With Alcatraz prison and the jaw-dropping Golden Gate Bridge as the backdrop, here’s what
Alex Clarke
learned from Marketo’s annual Marketing Nation Summit in San Francisco
In April, I had the pleasure of jetting halfway across the world from London to San Francisco for Marketo’s annual Marketing Nation Summit. This year, Marketo was immensely keen to push the concept of the ‘engagement economy’: the idea that behind every purchase order in B2B, there’s a human on the other side, and that to nurture these people, we need to engage them as humans.
Between cycling across the Golden Gate Bridge, listening in awe to celebrity keynotes James Corden and Queen Latifah, and exploring the cellblocks of Alcatraz, here’s what I learned about Marketo’s engagement economy, and more specifically, how to win the hearts and minds of your customers by employing the three As of customer experience.
1. The art of the storytelling
‘Luxury – Performance – Engineering’ – which brand springs to mind? If you instantly thought Tesla, you’ve got something in common with majority of the 6500 conference attendees. If, like me, you thought Aston Martin, then you’re clearly a little too obsessed with James Bond and British car manufacturing.
Let’s try another one. ‘Different – Creative – Beautiful product’. The correct answer (with clearly no room for subjectivity) is, of course, Apple. Tesla and Apple have both achieved stand-out acclaim through the emotional attachment that customers have with their products, and have therefore become synonymous with, let’s face it, some pretty complimentary adjectives.
The customer now dictates how they’re sold to, when they’re sold to, and on what device they’re sold to
More importantly, their success is down to the realisation that creating a true bond with your customer goes beyond data. As Marketo’s former CMO Chandar Pattabhiram asserted during day two’s morning keynote, to win the hearts and minds of your customers: “Be interesting, be authentic, and be relevant.”
Tesla and Apple have won this battle because they followed this mantra, and in doing so have become icons for their respective industries.
2. Adaptive engagement
A message Marketo was keen to hammer home throughout the conference was the realisation that marketers no longer ‘run the show’. The customer now dictates how they’re sold to, when they’re sold to, and on what device they’re sold to.

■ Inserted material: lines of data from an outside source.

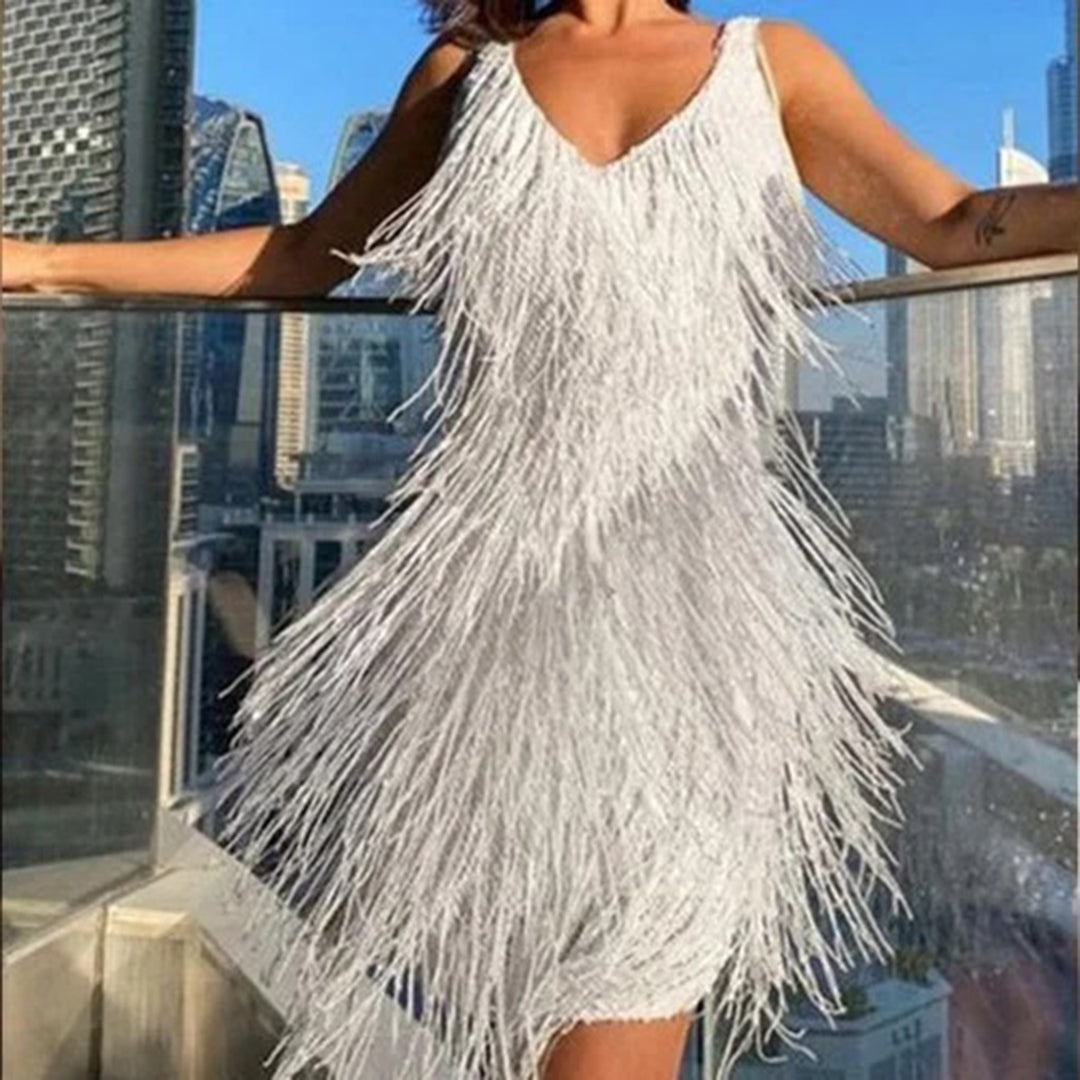 Stylish Mini Dress with Tassels - Celeste-White-S-Nora Luxe
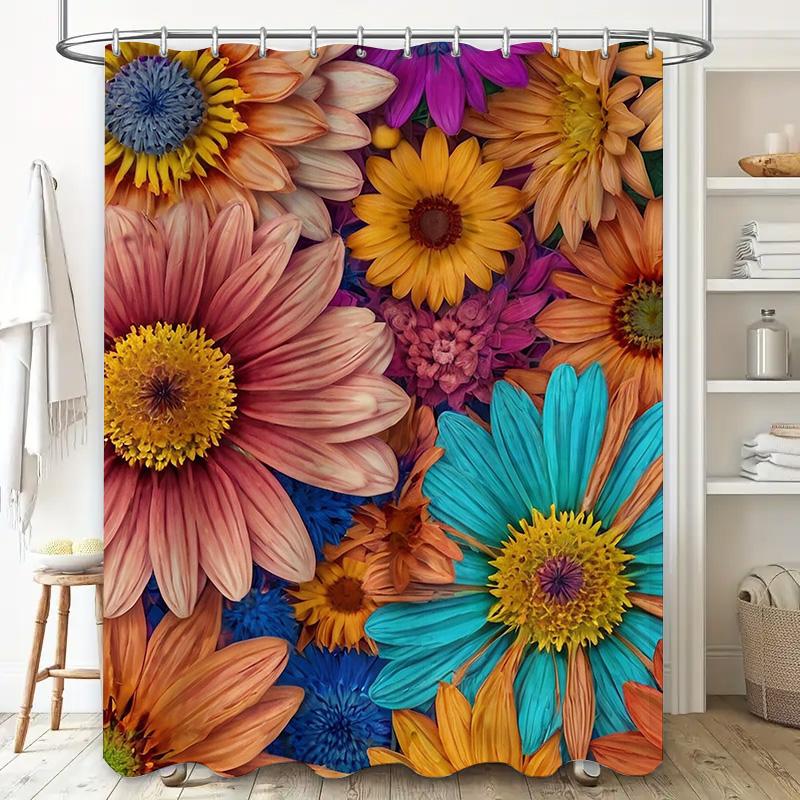 Luxurious Floral Shower CurtainColorful Sunflower Bath Decor for Bathroom Accessories Waterproof, Durable Fabric, 3D Printing Fl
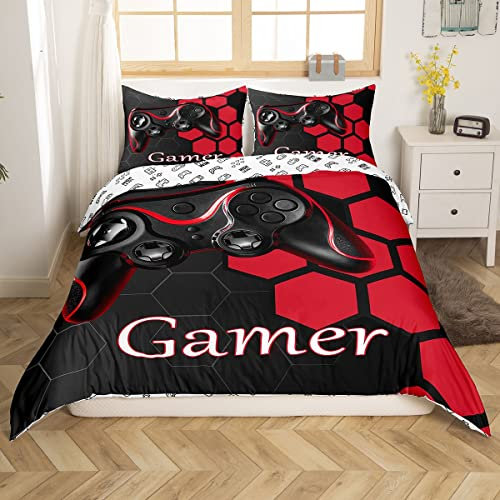 Homemissing Jeux vidéo pour Enfants Gamer Housse de Couette Rouge et Noir Gaming Parure de Lit 220x240cm Jeu Parure Housse de Couette Élégant Nid d'abeille Design Géométrique Collection Chambre 3Pcs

And for this reason, marketers need to adapt: they need to listen, learn, and engage at scale.
Chandar raised a pertinent question: “How many of us in our respective marketing teams are spending money on anything outside of acquisition marketing?” In other words, how much emphasis do B2B marketers really place on cross-sell, adoption, retention and customer growth? Research from CMO Club and Deloitte sadly reveals that only 13% of marketers allocate budget to retention strategies, leaving the remaining 87% purely focused on acquisition.
The theory of adaptive engagement is about acting across the entire customer lifecycle, combining the art of marketing with the science of data, and finally, shifting focus away from MQLs like leads and impressions towards engagement metrics that prove marketers are providing lifetime value for their customers, and in doing so creating customers for life.
3. Advocacy
First off, let’s clear up a common misconception: advocacy is not loyalty. As Chandar pointed out, he’s flown with the same airline for the last 15 years, racked up an impressive 400,000 miles, and used it for the majority of his business trips. But does that make him an advocate of this particular airline?
Chandar explained that an advocate is someone who’s so passionate about your brand that they’d be willing to do whatever it takes to make sure their experience with you never changes. And the brand should always adopt the same mentality.
But how do you create the distinction between loyalty and advocacy? The answer, as Chandar revealed, is through your employees. “Your best brand advocates are the folks who sit next to you every day in your office. When you build brand advocacy, you should be doing it from the inside out, rather than the outside in.
“Happy employees make happy customers, and passionate employees make passionate customers. That’s how great brand advocacy is built.”